Prior authorization has long been one of healthcare’s most frustrating bottlenecks. Now, CMS is taking bold action — and hospitals, health systems, and EHR vendors are joining the effort.
The Centers for Medicare and Medicaid Services launched a prior authorization pledge that brings together providers and technology companies. Together, they aim to cut paperwork, reduce delays, and move the entire authorization process into the digital age.
What Is the CMS Prior Authorization Pledge?
The CMS prior authorization pledge is a structured commitment by healthcare stakeholders to modernize and streamline how providers request approval for patient care. CMS first gathered the nation’s largest payers to address authorization burdens. That effort produced strong early results — insurers cut over six million prior authorizations. Moreover, they prepared electronic prior authorization interfaces ahead of a key January 1 launch date.
Now, the agency has expanded the pledge. Hospitals, health systems, physician practices, EHR vendors, and digital health developers are all entering the equation. Consequently, the initiative grows from a payer-only effort into a system-wide reform movement.
Why Prior Authorization Reform Matters Now
Prior authorization delays cost time, money, and — most critically — patient outcomes. Physicians spend hours each week on manual approval requests. Fax machines, clipboards, and phone calls dominate a process that should take minutes, not days.
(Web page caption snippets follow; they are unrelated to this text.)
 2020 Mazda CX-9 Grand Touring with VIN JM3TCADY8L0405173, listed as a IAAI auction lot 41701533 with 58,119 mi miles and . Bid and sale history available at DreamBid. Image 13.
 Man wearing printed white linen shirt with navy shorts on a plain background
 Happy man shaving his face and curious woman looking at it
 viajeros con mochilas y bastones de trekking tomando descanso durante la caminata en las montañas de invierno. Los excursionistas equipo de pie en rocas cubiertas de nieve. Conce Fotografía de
CMS Administrator Mehmet Oz, MD, addressed this directly in a May 5 blog post. “It is way past time to axe the fax, kill the clipboard, and put patients over paperwork,” he stated. His words reflect a growing consensus across healthcare: the old system is broken, and digital tools must replace it.
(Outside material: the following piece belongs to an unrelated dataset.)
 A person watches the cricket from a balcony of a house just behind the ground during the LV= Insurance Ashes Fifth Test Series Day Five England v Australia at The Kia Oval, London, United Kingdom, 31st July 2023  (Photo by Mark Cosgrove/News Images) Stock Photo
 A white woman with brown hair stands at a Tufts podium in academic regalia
Furthermore, delays in prior authorization directly harm patients. Studies show that many patients abandon treatment when authorization takes too long. Therefore, fixing this process is not just an administrative goal — it is a patient safety priority.
Who Has Joined the CMS Prior Authorization Pledge?
The updated pledge includes a broad coalition of stakeholders. Hospitals and health systems form the backbone of the effort. Additionally, physician practices bring the frontline perspective of those who submit authorization requests daily.
EHR vendors play a critical role as well. Their platforms are where authorization requests originate, and their participation ensures that new electronic tools integrate directly into clinical workflows. Digital health developers round out the group, contributing innovative solutions to the complex technical challenges involved.
Notably, this expansion signals a shift in strategy. CMS is no longer focusing only on payers. Instead, the agency now targets every point in the authorization chain — from the physician’s EHR to the payer’s decision engine.
How Electronic Prior Authorization Works in EHRs
Seamless Data Flow Across Systems
Electronic prior authorization removes manual steps by connecting systems automatically. When a provider initiates a request inside an EHR, the system sends structured data directly to the payer’s authorization platform. The payer responds electronically, and the decision returns to the provider without phone calls or fax transmissions.
Dr. Oz described the vision clearly: when data flows seamlessly between a provider’s EHR, the payer’s electronic prior authorization interfaces, and a patient’s health record, the entire system becomes more responsive and more accountable.
Integration Directly Into Clinical Workflows
CMS is actively collaborating with EHR vendors to embed electronic prior authorization tools natively into their platforms. This integration means providers do not need to leave their EHR to submit requests. As a result, the process becomes faster and less error-prone. Ultimately, patients receive care with fewer unnecessary delays.
What Working Groups Will Do
Working groups form a key part of the CMS strategy. These groups will coordinate activities around deadlines set by the CMS Interoperability and Prior Authorization Final Rule. Specifically, they will identify workflow gaps — areas where authorization requests stall or fail — and develop targeted fixes.
Technical handoffs between systems also fall under the working groups’ scope. In many cases, authorization delays occur not because of policy issues but because of data format mismatches or missing fields. Therefore, fixing these technical gaps will accelerate the entire process significantly.
In addition, working groups will monitor progress and adjust strategies as electronic tools roll out across the industry. This ongoing coordination keeps all stakeholders aligned and accountable.
What This Means for Patients and Providers
Faster Access to Care
For patients, the pledge means shorter waits. Electronic authorization decisions arrive in hours rather than days. As a result, treatment begins sooner, and patients spend less time in limbo.
Less Administrative Burden for Providers
For physicians and hospital staff, the pledge reduces manual work substantially. Staff can focus on patient care instead of paperwork. Moreover, built-in EHR tools reduce the risk of errors that trigger authorization denials.
A Stronger, More Accountable System
Ultimately, the CMS prior authorization pledge represents a structural shift in American healthcare administration. By aligning payers, providers, and technology vendors around shared goals, CMS is building a system that is more transparent, more efficient, and more patient-centered than the one it replaces.